Find the values of $k$ for which the simultaneous equations do not have a unique solution for $x, y$ and $z$.
Also show that when $k = -2$ the equations are inconsistent $$kx + 2y +z =0$$ $$3x + 0y -2z =4$$ $$3x - 6ky -4z =14$$ Using a determinant and setting to zero, then solving the quadratic gives $$ \begin{vmatrix} k & 2 & 1\\ 3 & 0 & -2\\ 3 & -6k & -4\\ \end{vmatrix} =0 $$ $$ k=-2, k=\frac{1}{2} $$ So far so good, but when subbing $-2$ for $k$ $$-2x + 2y +z =0 \;...\,eqn \,1$$ $$3x + 0y -2z =4 \;...\,eqn \,2$$ $$3x +12y -4z =14 \;...\,eqn \,3$$ subbing eqn $2$ from eqn $3$ gives $$ 12y-2z=10$$ $$\Rightarrow y = \frac{5 +z}{6} $$ Subbing for $y$ into eqn $1$ $$ -2x+\frac{5+z}{3}-z=0 $$ $$ \Rightarrow x = \frac{5-2z}{6} $$ Subbing for $y$ and $x$ into eqn $3$ $$\frac{5-2z}{2}+10 -2z =14 $$ $$\Rightarrow z = \frac{-1}{2},\; x = 1 \; and \; y = \frac{3}{4}$$
These values for $x,y$ and $z$ seem to prove unique solutions for these equations, yet from the determinant and also the question in the text book should they not be inconsistent?
Thanks in advance to anyone who helps with regards to this exercise from a slightly confused self learner!

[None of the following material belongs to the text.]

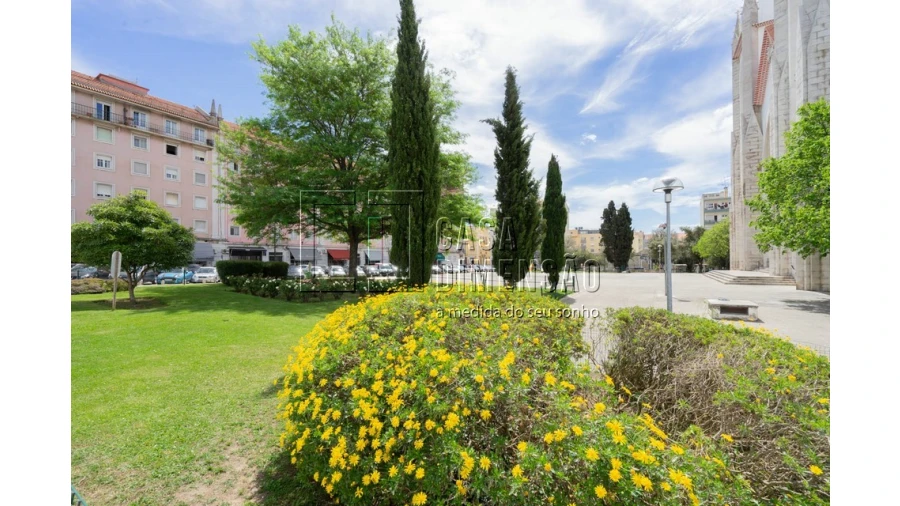 Apartamento T2 para Venda em Campo de Ourique Foto 36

Firstly, a non-zero determinant doesn't imply there are no solutions. The system of equations $$ \left[ \begin{array}{ccc|c} 1 & 1 & 1 & 1 \\ 2 & 2 & 2 & 2 \\ 3 & 3 & 3 & 3 \\ \end{array} \right] $$ has an infinite number of solutions, for example, and the relevant determinant will be zero. So, we can't be sure the system will be inconsistent from a zero determinant alone.
The matrix $$ \left[ \begin{array}{ccc|c} -2 & 2 & 1 & 0 \\ 3 & 0 & -2 & 4 \\ 3 & 12 & -4 & 14 \\ \end{array} \right] $$ has row echelon form \begin{align*} & \sim_{R_3 \gets R_3-R_2} \left[ \begin{array}{ccc|c} -2 & 2 & 1 & 0 \\ 3 & 0 & -2 & 4 \\ 0 & 12 & -2 & 10 \\ \end{array} \right] \\ & \sim_{R_2 \gets R_2+\frac{3}{2}R_1} \left[ \begin{array}{ccc|c} -2 & 2 & 1 & 0 \\ 0 & 3 & -0.5 & 4 \\ 0 & 12 & -2 & 10 \\ \end{array} \right] \\ & \sim_{R_3 \gets R_3-4R_2} \left[ \begin{array}{ccc|c} -2 & 2 & 1 & 0 \\ 0 & 3 & -0.5 & 4 \\ 0 & 0 & 0 & -6 \\ \end{array} \right] \\ \end{align*} which is inconsistent. So, no solutions exist.